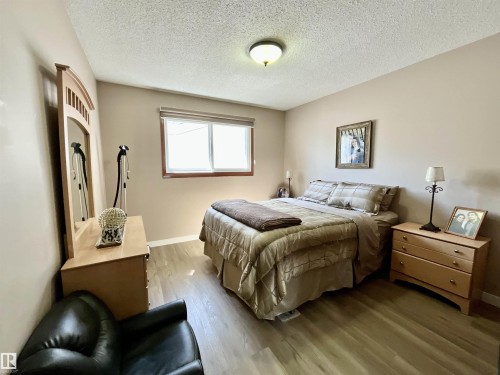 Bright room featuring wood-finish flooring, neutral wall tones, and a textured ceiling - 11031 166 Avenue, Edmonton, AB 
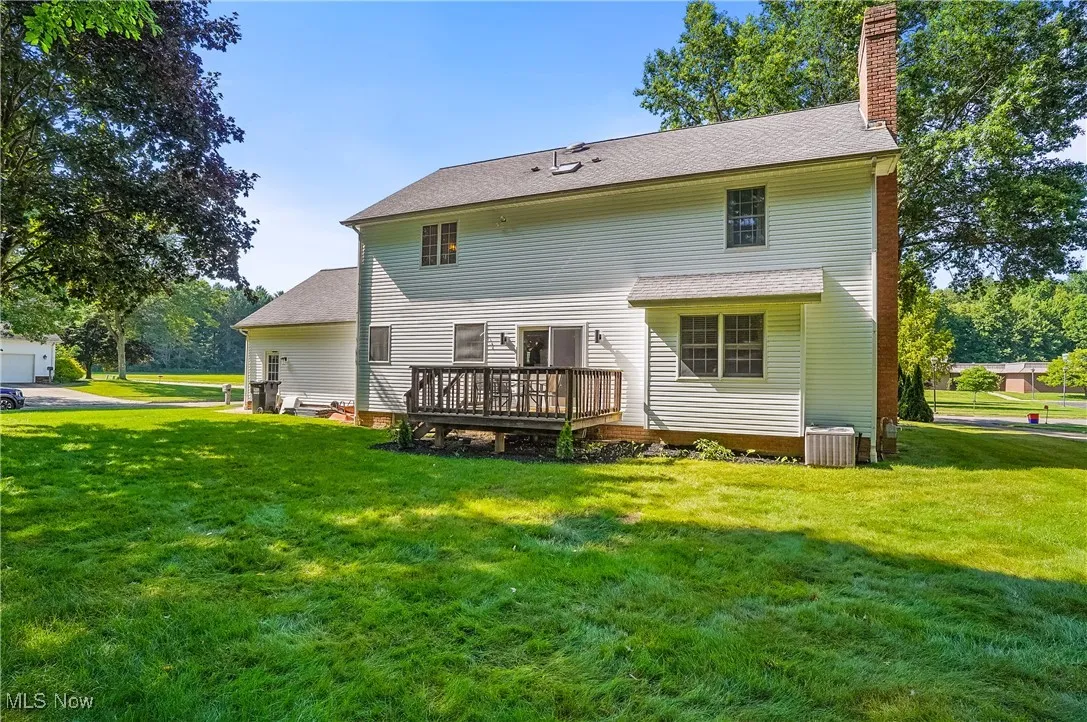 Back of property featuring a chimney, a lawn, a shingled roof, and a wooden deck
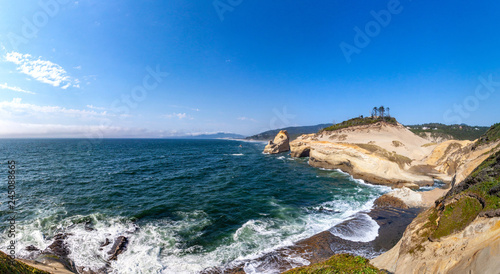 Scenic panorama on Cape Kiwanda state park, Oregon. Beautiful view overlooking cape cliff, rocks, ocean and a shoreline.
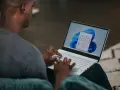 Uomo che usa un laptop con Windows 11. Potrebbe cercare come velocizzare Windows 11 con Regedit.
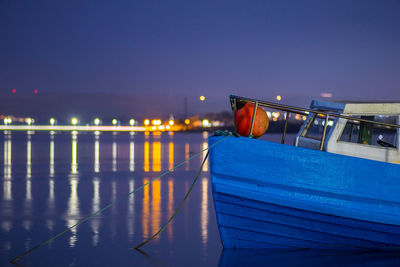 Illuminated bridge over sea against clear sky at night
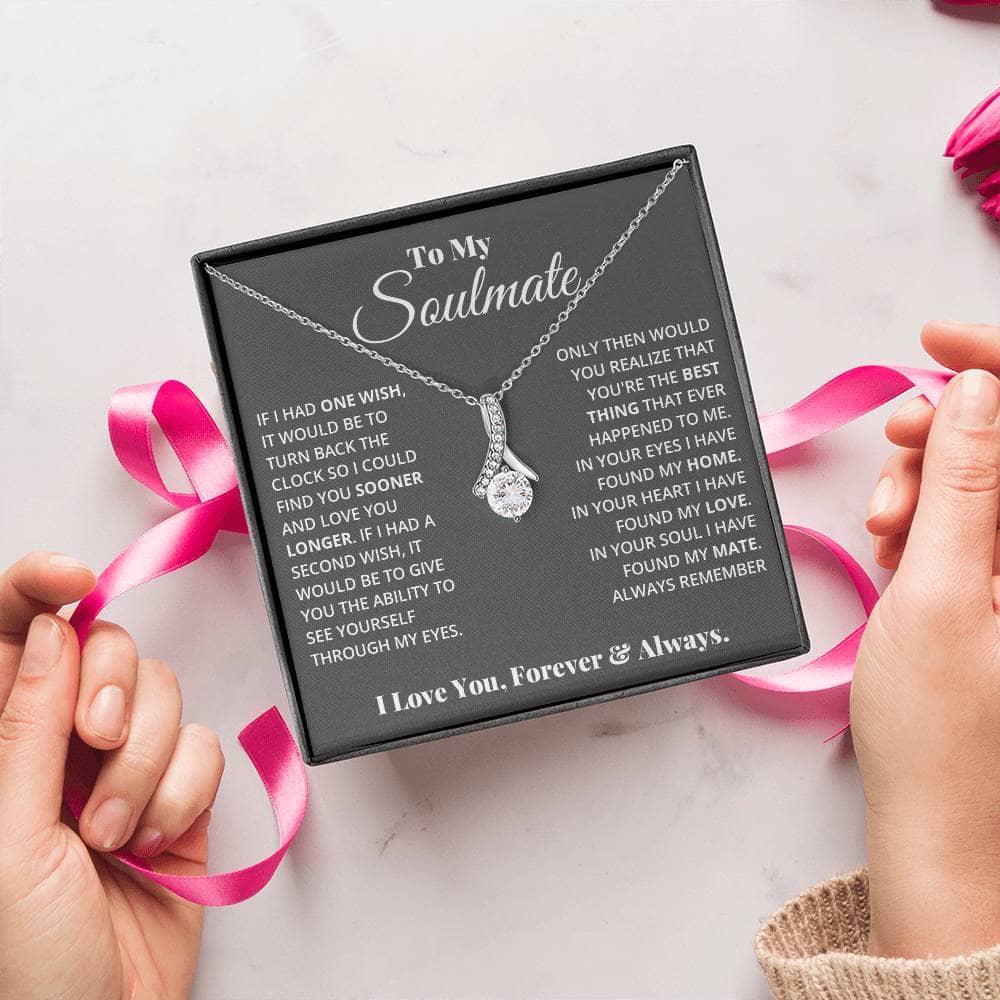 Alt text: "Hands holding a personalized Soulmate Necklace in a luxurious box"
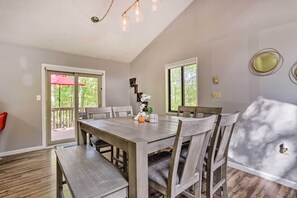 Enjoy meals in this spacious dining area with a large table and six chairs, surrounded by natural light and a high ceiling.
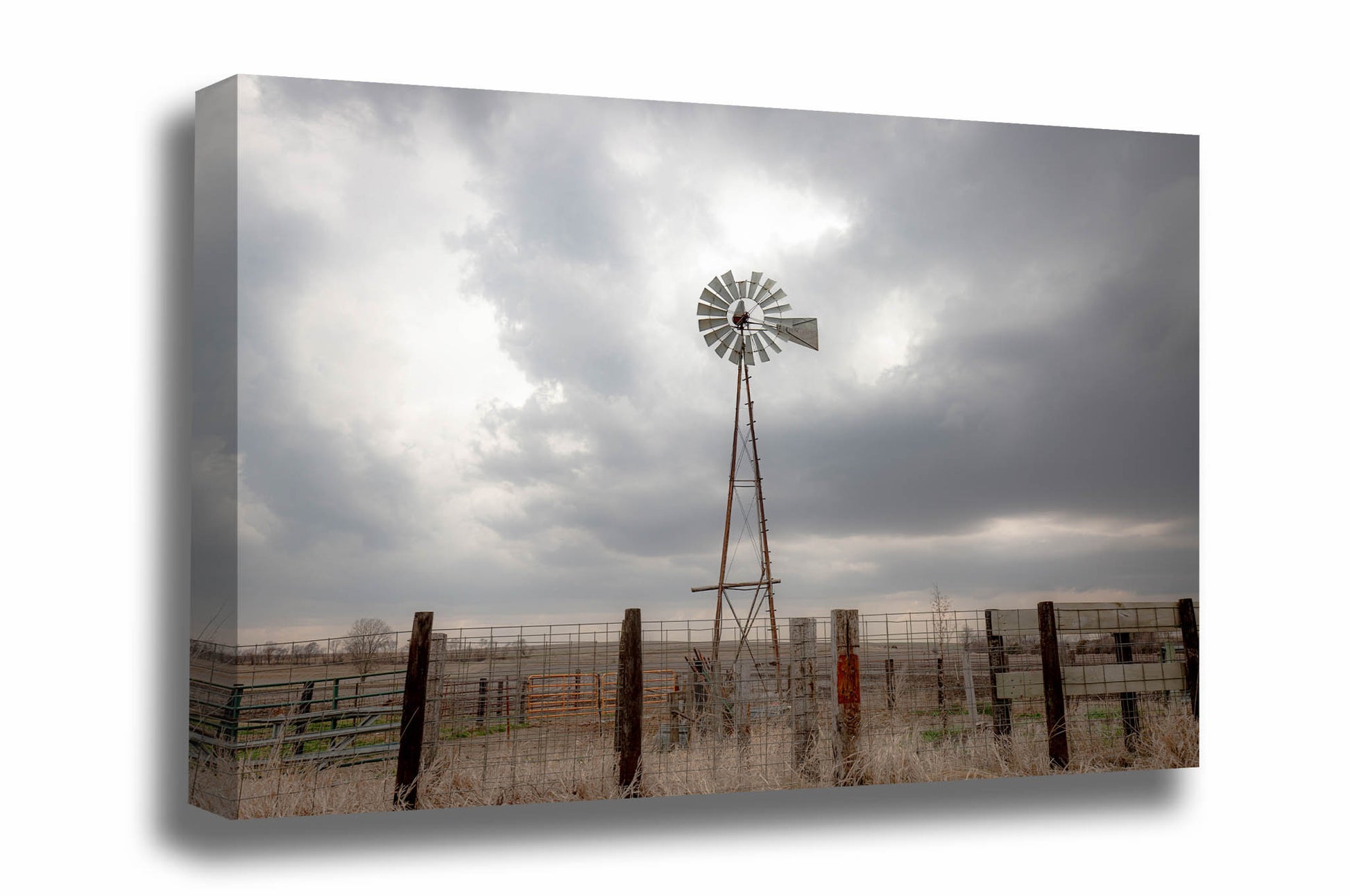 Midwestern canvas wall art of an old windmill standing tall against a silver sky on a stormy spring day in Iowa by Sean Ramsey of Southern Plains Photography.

■ ■ ■

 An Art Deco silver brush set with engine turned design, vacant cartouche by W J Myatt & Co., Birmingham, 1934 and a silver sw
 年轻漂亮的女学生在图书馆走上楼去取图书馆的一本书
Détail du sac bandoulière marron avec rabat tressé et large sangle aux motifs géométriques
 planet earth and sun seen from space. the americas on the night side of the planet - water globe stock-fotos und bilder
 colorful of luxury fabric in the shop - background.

■ ■ ■

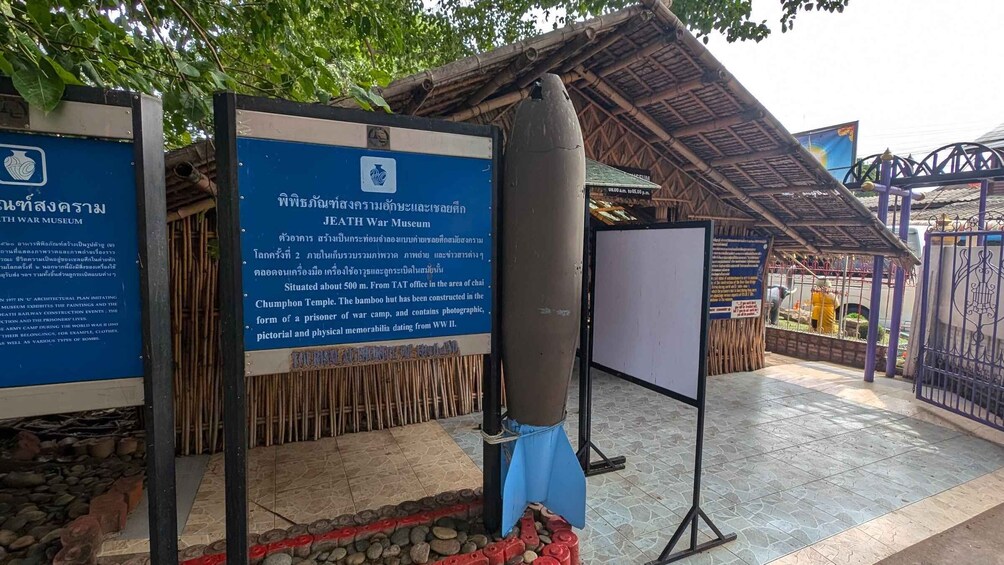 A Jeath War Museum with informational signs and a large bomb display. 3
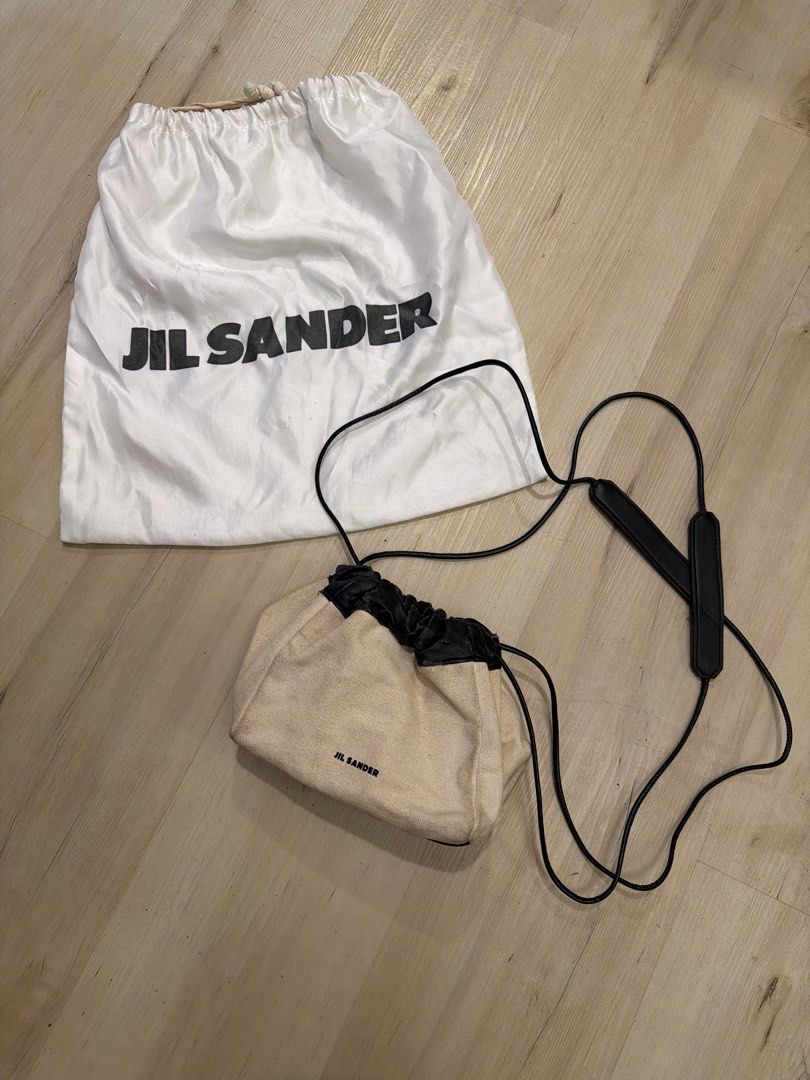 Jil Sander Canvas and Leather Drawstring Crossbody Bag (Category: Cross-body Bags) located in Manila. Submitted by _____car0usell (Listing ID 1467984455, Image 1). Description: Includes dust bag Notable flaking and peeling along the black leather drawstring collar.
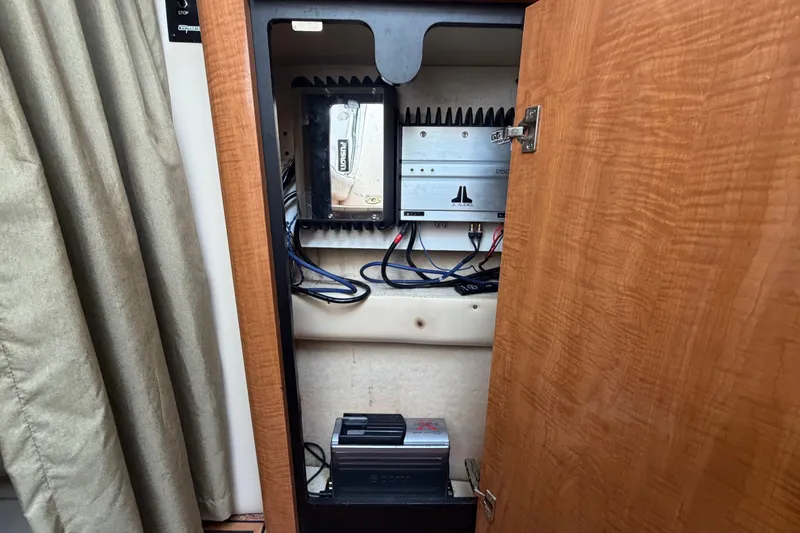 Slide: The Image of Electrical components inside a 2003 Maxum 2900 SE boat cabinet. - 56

■ ■ ■

PROBLEM TO SOLVE.
In the listing above, find the line with "Jil Sander Canvas" and the line with "Slide: The Image". Set down exactly those lines and everything between them, skipping pictures.

EXPECTED ANSWER.
 Jil Sander Canvas and Leather Drawstring Crossbody Bag (Category: Cross-body Bags) located in Manila. Submitted by _____car0usell (Listing ID 1467984455, Image 1). Description: Includes dust bag Notable flaking and peeling along the black leather drawstring collar.
 Slide: The Image of Electrical components inside a 2003 Maxum 2900 SE boat cabinet. - 56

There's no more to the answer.